# [What is expected]
Repeat the data that follows exactly, starting at the line with "I Ju-Es -Stil Srbija državi na grbači?" and ending at the line with "Toyota Camry, 2018", and leave out every picture.

# [Material to process]
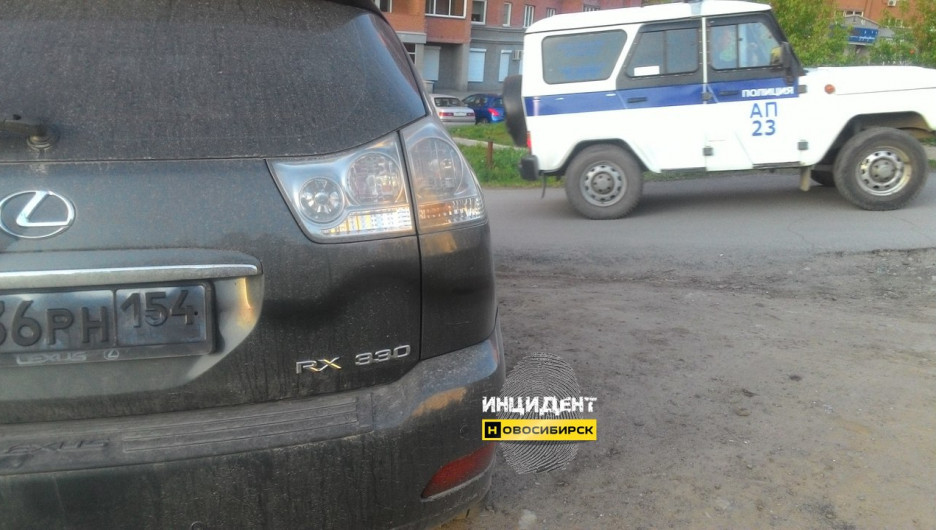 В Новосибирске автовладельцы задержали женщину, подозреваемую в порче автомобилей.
==
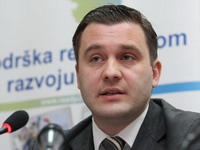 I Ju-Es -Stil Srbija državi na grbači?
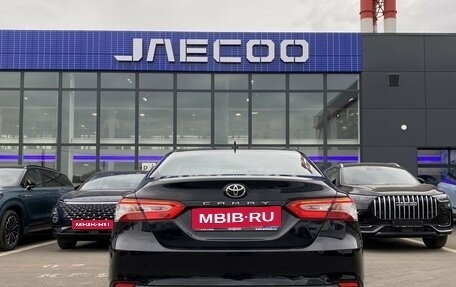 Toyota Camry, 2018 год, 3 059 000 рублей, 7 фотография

# [Response to the task]
 I Ju-Es -Stil Srbija državi na grbači?
 Toyota Camry, 2018 год, 3 059 000 рублей, 7 фотография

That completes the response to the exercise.